Eiger wields axe as FDA sets high bar for hepatitis drug

Eiger BioPharmaceuticals has said it will cut staffing numbers by 25% and refocus its R&D activities on metabolic diseases, after the FDA said it would need a new study on hepatitis delta virus (HDV) candidate lonafarnib before it could consider approval.

The measures will help Eiger extend its financial resources through to the end of next year, according to chief executive Dr David Apelian, who has just been formally named in the role after serving as interim CEO since the resignation of David Cory last December. Apelian has previously served as the biotech’s chief operating officer and executive medical officer.

Eiger had been hoping to get accelerated approval from the FDA for lonafarnib as a treatment for HDV, a virus that exists only as a co-infection with hepatitis B virus (HBV) and is seen in around 5% of the estimated 257 million people around the world who are chronically infected with HBV.

The FDA has said, however, that it will need a confirmatory trial that is not based on surrogate endpoints, like viral loads and liver function, but hard patient outcomes like morbidity and mortality – a much tougher proposition – and will require identification of patients who are most likely to respond to a 48-week treatment.

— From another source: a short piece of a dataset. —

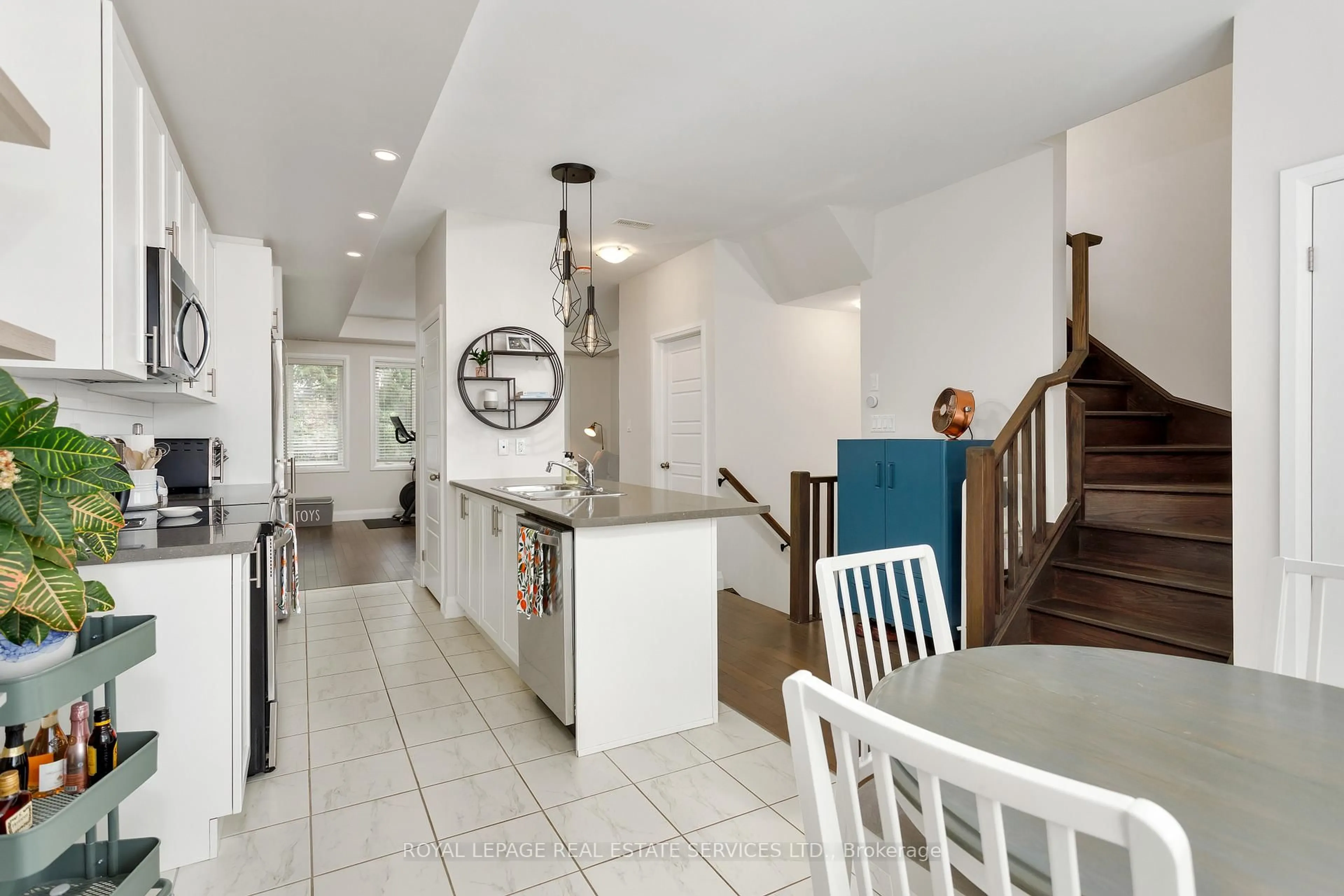 Open concept kitchen, ceramic/tile floor for 405 Plains Rd #22, Burlington Ontario L7T 2C9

Faced with that, Eiger has opted to try to find a partner for lonafarnib in HDV, as well as another HDV candidate - peginterferon lambda - and prioritise the development of GLP-1 receptor antagonist avexitide for hyperinsulinaemic hypoglycaemia indications. The California biotech said that “active discussions” are underway with potential partners.

Eiger has been fairly quiet about avexitide since it reported the results of the phase 2 PREVENT trial in 2019, which involved patients with severe post-bariatric hypoglycaemia (PBH), dangerously low blood glucose levels that can occur after eating in some patients who have surgery for weight loss.

Avexitide is the only drug in development for PBH with a breakthrough designation, according to the biotech, which says it has reached “alignment” with the FDA on the design of a phase 3 study.

Eiger also plans to develop the drug for a follow-up indication, ultra-rare disease congenital hyperinsulinism, which causes persistent hypoglycaemia that can result in irreversible brain damage.

In the meantime, lonafarnib has already been approved by the FDA as Zokinvy for rare diseases Hutchinson-Gilford progeria syndrome (HGPS) and progeroid laminopathies, giving Eiger a revenue stream that amounted to around $13 million last year.

“Today's environment necessitates prudent and strategic evaluation of how to advance our promising and diverse pipeline in order to develop potential breakthrough medicines for patients and to drive stockholder value,” said Apelian.

“We plan to provide further guidance next quarter on the progress of our business development efforts for our virology assets, as well as definitive plans for the PBH phase 3 study initiation and key study milestones.”